I agree with this wholeheartedly. The difference between literacy and illiteracy is not how many books you have memorized, it’s whether or not you are capable of reading.

I’d rather talk to someone who is ignorant but curious than someone who is filled with facts but hasn’t thought critically about any of them.

May I ask, is there any field of science which you believe that you are less conversant with, to the point that you acknowledge that you don’t know as much as you should? Or do you feel that your knowledge of science is as strong in cosmology as it is in medicine, for example?

So, let’s say for the sake of argument that you are an expert in geology, know a lot about chemistry, are familiar with a range of other sciences, but you can’t explain the difference between an adenoid and an endocrine. Does a deficiency of knowledge in medicine make one a scientific illiterate, regardless of one’s knowledge and expertise in other fields of nature?

I might be much better off if I knew a year or 2 ago what I now know about cancer. If I had told the doctor that if she didn’t know what was causing my problem, she had better run some tests and find out. Maybe then I would be facing drastic, life degrading surgery to stop the cancer.

No.

Yes - I’m neither a cosmologist nor a doctor, but I am conversant with e.g. the Big Bang and the basic function of all the body’s organs.

Yes, when the deficiency is at the level I’ve illustrated for geology.

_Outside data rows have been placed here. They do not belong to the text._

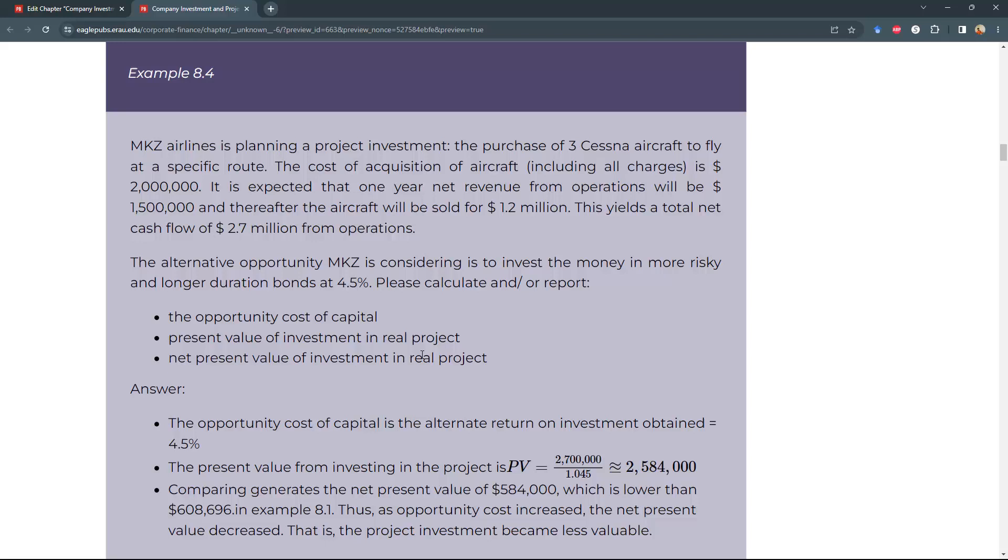Example 8.4. MKZ Airlines is planning a project investment: the purchase of three Cessna aircraft to fly a specific route. The cost of acquisition of aircraft, including all charges, is $2 million.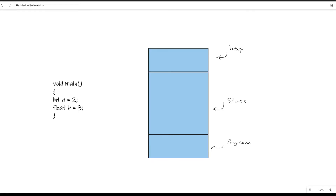When we run our program in Java by clicking the green icon, the program we wrote gets transferred into the program section. We'll write 'main' here with all the different lines of code we wrote. Then it's going to allocate space for the resources and data we have. We have two pieces of data: an integer 'a' equals 2, and a float 'b' equals 3.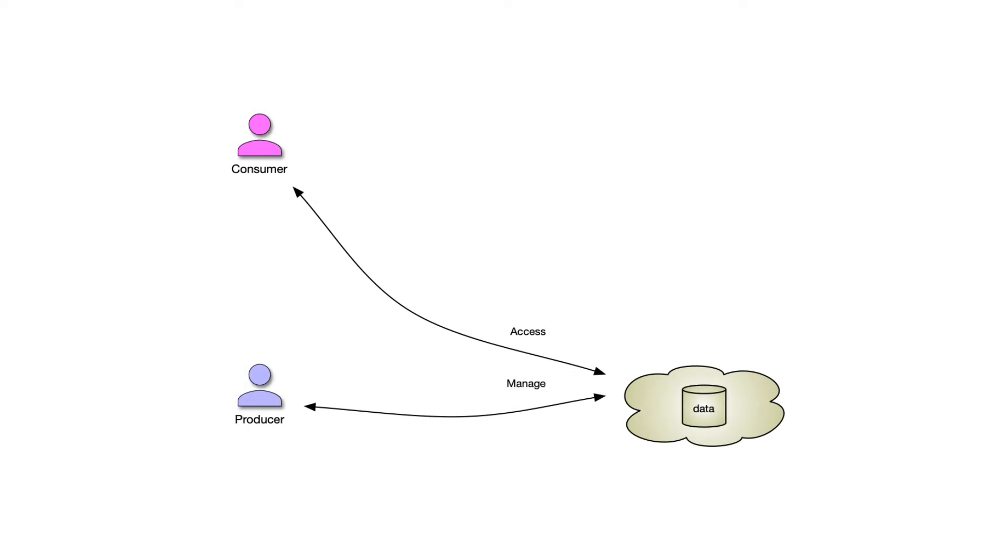We have two users: a producer and a consumer. The producer owns resources and the consumer wants to get access to those resources.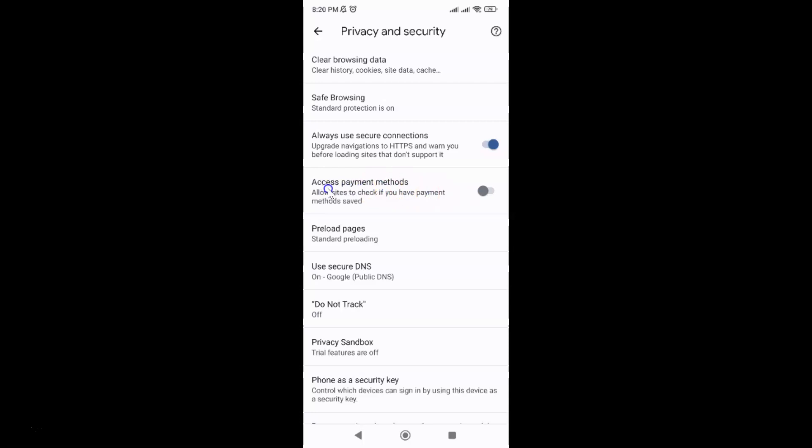To turn on access payment methods, you have to turn on this toggle button next to it. Just tap on it so that the slider moves to the right. Let me show you. Let me tap on it.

I think I need to repeat myself - a better word for what I (and, it seems, the OP and the original thread) meant is “conversant” - I think there’s a minimum level of knowledge in every broad scientific discipline that is required before one can call oneself conversant about science. A certain level of chemistry, a certain level of physics, a certain level of life sciences, a certain level of earth science, a certain level of the social sciences, a certain level of the formal sciences.
And a lot of these are often required together for any credibility in internet debates, and that’s what that Pit thread was lamenting. You can’t come into an evolution debate, claim to be up on the science, and then be unaware of what a clade is (and refuse to look it up), for example.

With that definition, I can only wonder how many PhDs in the sciences would fail to meet your bar of being “conversant” in the sciences.

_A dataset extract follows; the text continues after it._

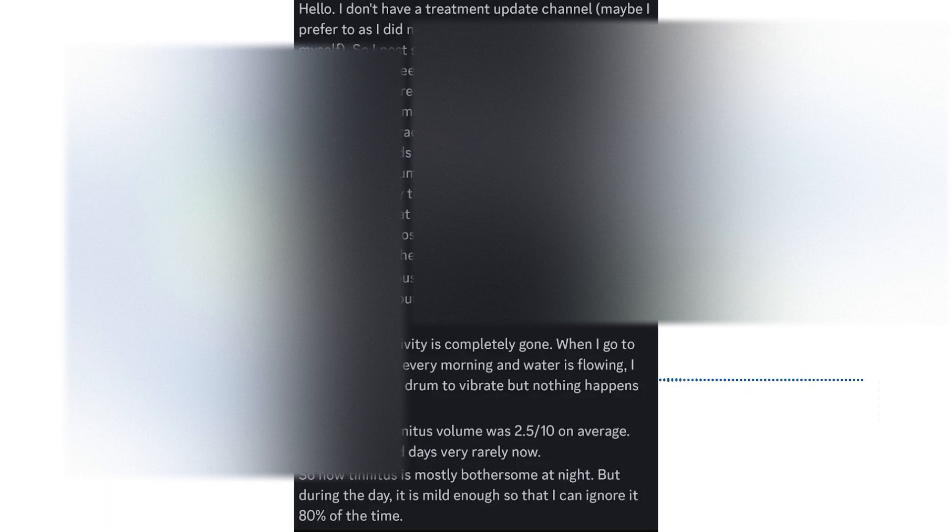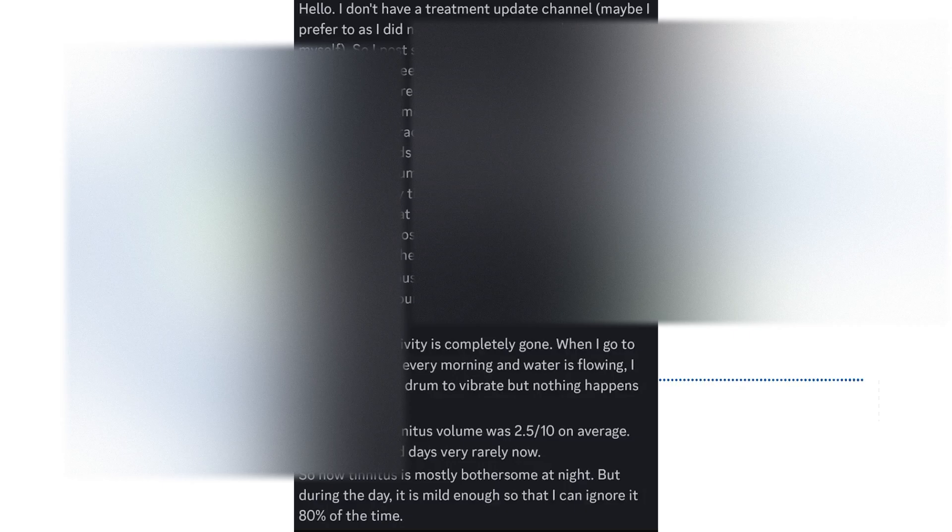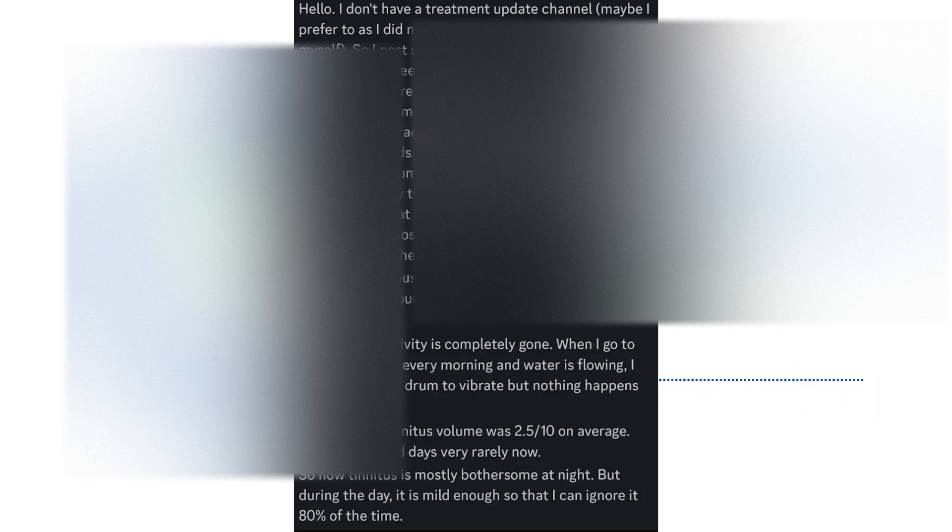Now, I know that I made a community post with this, but I thought that this update was important enough to include in a separate video. As you can see, as he finished the full six weeks of treatment, his hyperacusis is 90% gone.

ETA: Actually, there quite possibly could be a lot of PhDs who would qualify as being scientific “illiterates” under your definition, if they have focused their efforts in one field to the exclusion of others. That’s absurd.

Someone who is scientifically literate should understand the following:

That the sun is a star, and stars are basically massive balls of burning gas.
That our solar system orbits the sun, and the rotation of our own planet causes night, and day.
That the distance between stars is extremely vast.
That galaxies are made up of a great many stars orbiting a center of mass.
That the universe is made up of a great many galaxies.

That the earth is made up of a crust, mantle, and core.
That the continents shift about very slowly and once were totally joined up.
That magma is molten rock.
That layers in the rock usually represent a sort of record of time.
That the earth is many billions of years old.

That evolution is process by which species differentiate over time.
That it has no goal or direction.
That it has no bearing on first causes, and is not the same as cosmology.

Have an ability to differentiate and describe the major animal groups.
Understand that living things are made up of cells.
Understand that plants make energy through photosynthesis, and animals produce it through digestion of food.
Understand the basic systems in the body and demonstrate a basic understanding of gross anatomy. (That is a foot, ribs etc…)

Understand the basics of physics like force, momentum, leverage, etc…
Understand the concept of gravity.

Understand the basics of the scientific method and how one applies it to a problem.
Understand that science is a process by which we confirm facts or evidence.
Understands the difference between a fact and an opinion, hypothesis or philosophy.